Maximilian Merz from Medizinische Klinik, University Hospital of Heidelberg, Heidelberg, Germany, along with his colleagues, investigated subclonal cytogenetic aberrations (CA) with the use of interphase fluorescence in situ hybridization (iFISH), in Newly Diagnosed (ND) MM patients (pts).The prognostic significance in pts with or without bortezomib treatment and tandem ASCT was also studied, within the German part of the prospective Haemato Oncology Foundation for Adults in the Netherlands (HOVON)–65/German-Speaking Myeloma Multicenter Group (GMMG)–HD4 trial. GMMG pts were randomly assigned to either arm A: 3 cycles of vincristine, adriamycin, and dexamethasone followed by tandem ASCT and thalidomide maintenance therapy for 2 years or arm B: 3 cycles of bortezomib, adriamycin, dexamethasone (PAD), followed by tandem ASCT and bortezomib maintenance therapy for two years. The study was published in the January 2018 edition of Blood Advances.

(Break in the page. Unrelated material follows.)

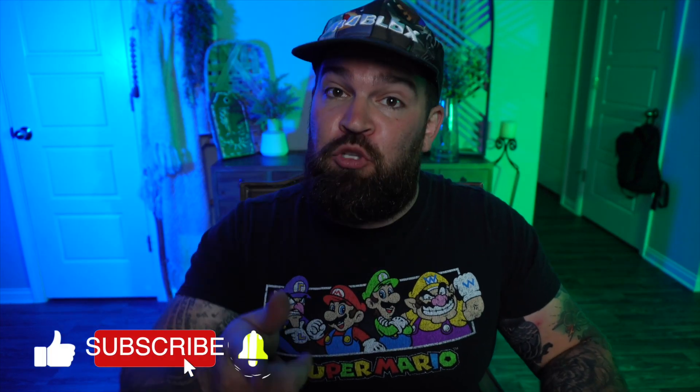But before we get too far into the video, you know what to do. Be sure to hit that subscribe button, give this video a big old thumbs up, and don't forget to tap that bell icon. That way you know every single time me and my crazy sister post a brand new video.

- Patients (pts) = 833 were enrolled in the prospective HOVON-65/GMMG-HD4 trial
- Pts with subclones had more frequently a hyperdiploid (HD; 24.8%) or a high-risk main clone (31.0%) than patients (pts) with a t(11;14) in the main clone (10.1%)
Table 1. The frequencies of subclonal aberrations detected in the studied cohort
- Gains/deletions of the MYC locus are more frequently identified as a subclone (8.1%/20.5%) rather than main clone (6.2%/3.9%)
- There was a higher frequency of clonal gains of MYC in pts with other high-risk CA in the main clone (14.1%) compared to pts with HD or t(11;14) in the main clone (< 3%; P = 0.0023)
- Gains of odd-numbered chromosomes were the second most frequently found aberrations on a subclonal level (e.g. 5, 9 and 15 are associated with a HD karyotype, in 9.1%–15.4% of pts)
- IgH translocations (t(4;14), t(11;14), t(14;16)) were defined predominantly as main clone aberrations and only in 1% of pts on a subclonal level
- Other high-risk CA occurred predominantly as a main clone (gain 1q21: 23.3%/del17p: 8.0%) than a subclone (gain 1q21: 9.3%/del17p: 2.6%)
- Higher rates of very good partial remission (VGPR) or better after induction therapy and ASCT were found in pts without subclones (27.8% and 47.2%) compared to pts with subclones (19.9% and 41.1%, respectively) although this was not statistically significant
- High-risk CA were associated with adverse outcomes (whether main or subclone)
- Shorter OS observed when gains or deletions of MYC are present as a main clone and for pts with subclonal CA
- Bortezomib completely overcame the negative prognostic impact of a high-risk main clone without a subclonal CA, and abrogated with the presence of additional subclonal CA, regardless of their types (high-risk or neutral chromosomes)
- The presence of subclones was found to be an independent factor for negative outcome in pts treated with bortezomib, especially in patients with a high-risk main clone (multivariable Cox regression analysis)
This study demonstrated, for the first time, the association of clonal heterogeneity with a poor outcome. It also showed that clonal heterogeneity is a common phenomenon in MM. A higher frequency of gains and deletions of MYC on a subclonal level were also found, although they were only associated with adverse outcomes when present as a main clone. High-risk patients who do not display any subclones were found to benefit from continuous bortezomib treatment. However, it must be noted that without whole-genome data, the true number of subclones could be underestimated. Future studies will include investigating the subclones on a mutational level in order to elucidate mechanisms that lead to the observed.